Cara dakwah yang dilakukan Gus Miftah itu dianggap tidak wajar, karena lokasi dakwahnya adalah sebuah klub malam di Bali yang dianggap sebagian masyarakat tidak pantas untuk berdakwah. Di kalangan masyarakat muslim Indonesia, terdapat beberapa istilah untuk menyebut pendakwah seperti da'i, ustadz, ulama, dan kyai. Kemudian muncul pertanyaan, kenapa sih Gus Miftah berani melakukan dakwah di tempat seperti itu? Apa tujuan sebenarnya. Lantas apa hakikat dakwah menurut agama Islam?
Secara etimologi dalam bahasa Arab, dakwah diartikan mengajak, menyeru, atau mengundang. Secara istilah, dakwah adalah ajakan atau seruan kepada sebuah kebaikan dan larangan terhadap sebuah kejahatan yang disampaikan oleh para pendakwah kepada masyarakat.
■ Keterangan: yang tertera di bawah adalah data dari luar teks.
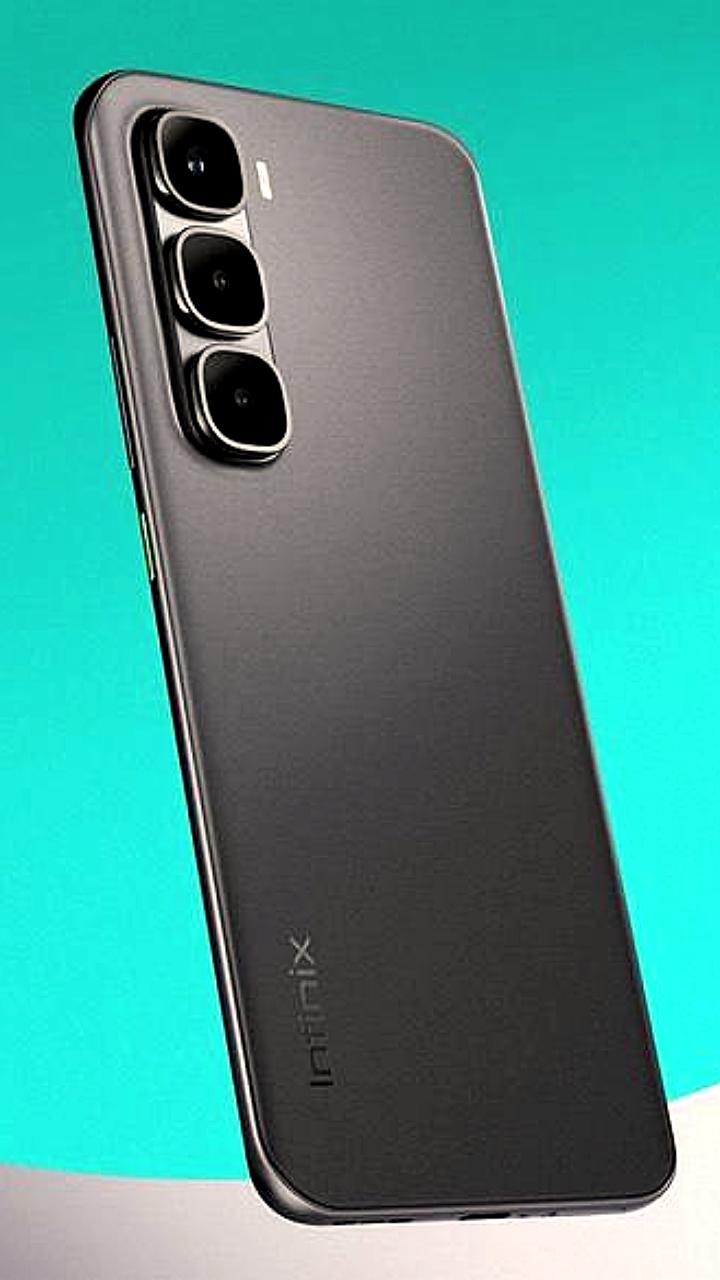 Infinix Hot 60 Pro признан самым тонким смартфоном в мире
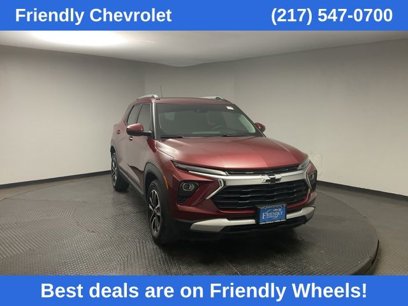 Certified 2024 Chevrolet TrailBlazer LT w/ Convenience Package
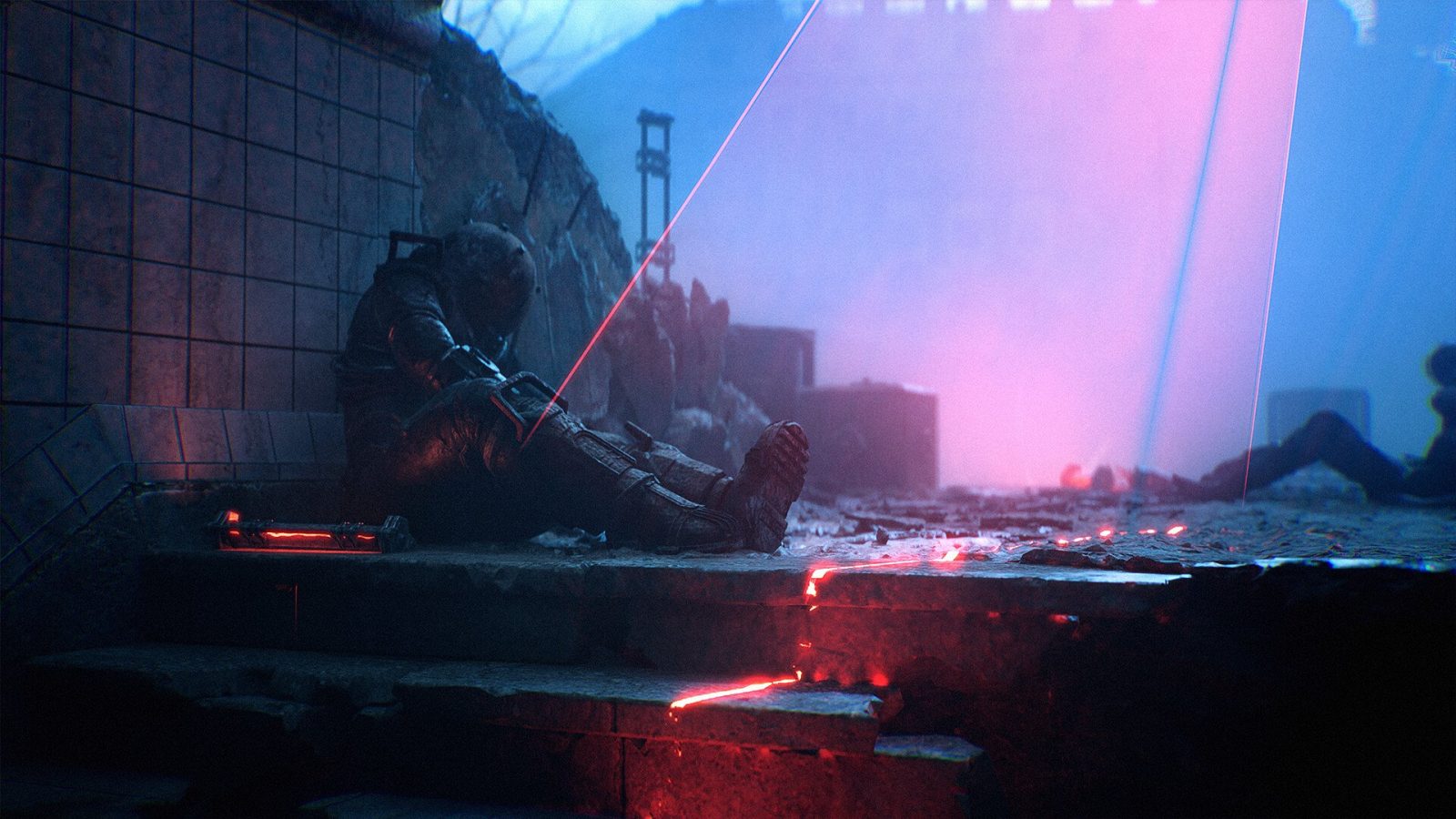 Cronos: The New Dawn anuncia su primer DLC 1 Cronos: The New Dawn, Cronos: Lazarus. Cronos The New Dawn, Cronos Lazarus.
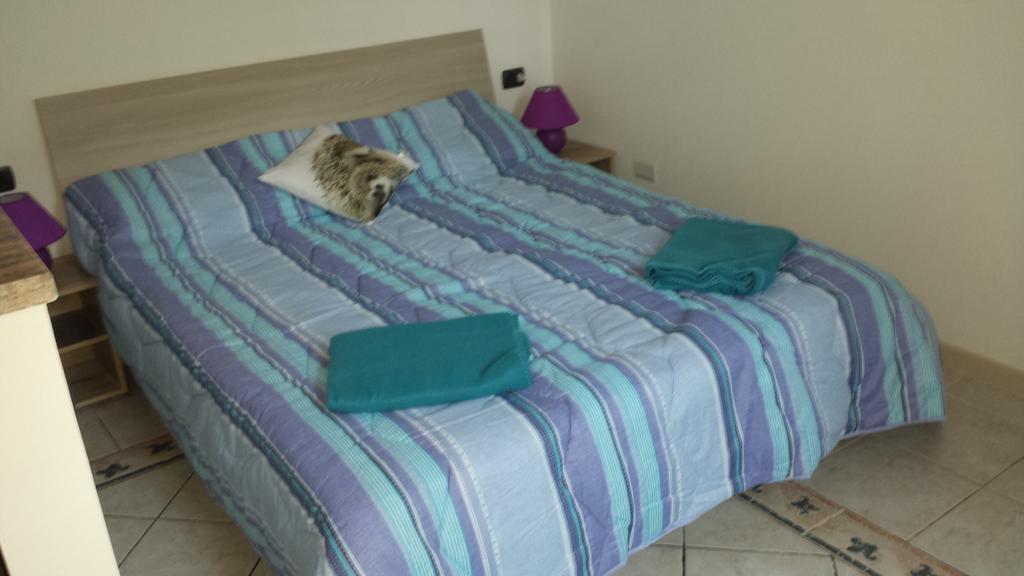 Apartmán Residenze Glorenza Bolzano Pokoj fotografie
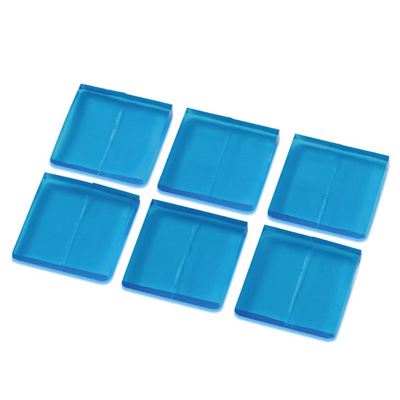 46V型対応テレビ用耐震ジェル 12枚(30×15mm)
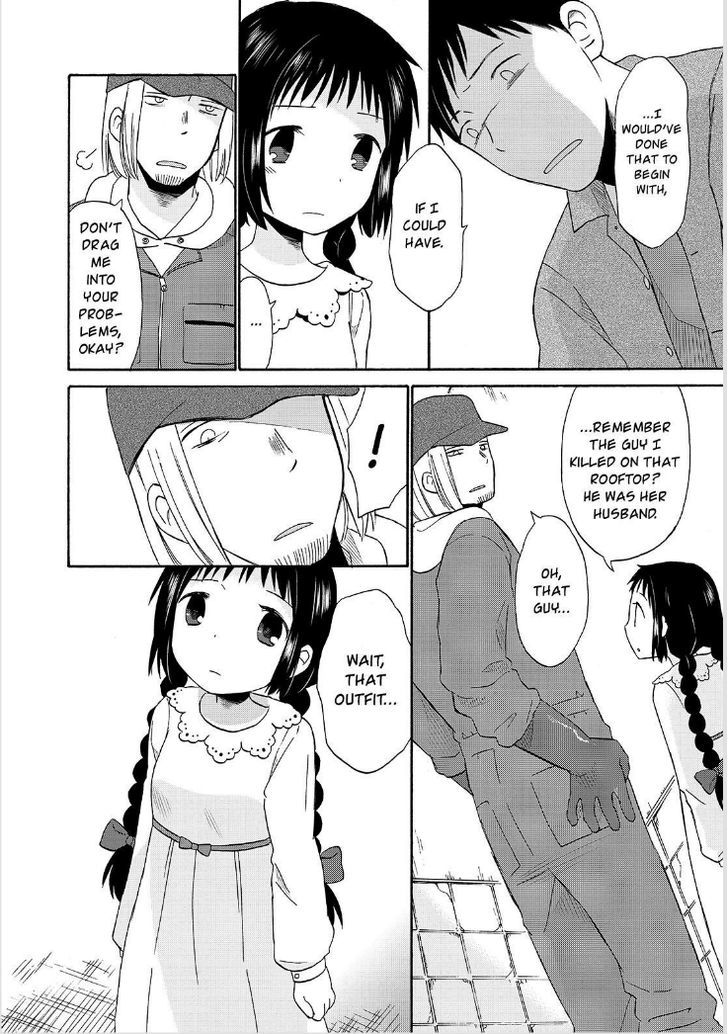 Girl May Kill Chapter 20 page 5 - Chapter 20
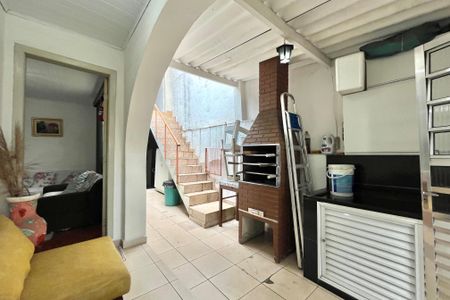 Casa à venda com 105m², 2 quartos e 1 vagaQuintal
Menurut Quraish Shihab, dakwah adalah ajakan kepada kebaikan atau keinsyafan sehingga mengubah sesuatu yang buruk menjadi lebih baik dan sempurna.
Rasulullah SAW mencontohkan bagaimana cara berdakwah yang baik. Rasulullah mulai berdakwah ketika turun perintah dari Allah yang termaktub dalam QS. Al-Muddatstsir 1-4, yang artinya sebagai berikut:
"Hai orang yang berkemul (berselimut)! Bangunlah, lalu berilah peringatan! Dan Tuhanmu, agungkanlah! Dan Pakaianmu, bersihkanlah!".
Ketika ayat ini turun, Rasulullah diperintahkan untuk berdakwah secara diam-diam. Rumah Al Arqam bin Abil Arqam dijadikan sebagai pusat dakwah Rasulullah. Di awal dakwahnya ini, Rasulullah memakai metode kelembutan serta kasih sayang. Terbukti dengan metode seperti itu, Rasulullah berhasil mengislamkan keluarga dan sahabat terdekatnya.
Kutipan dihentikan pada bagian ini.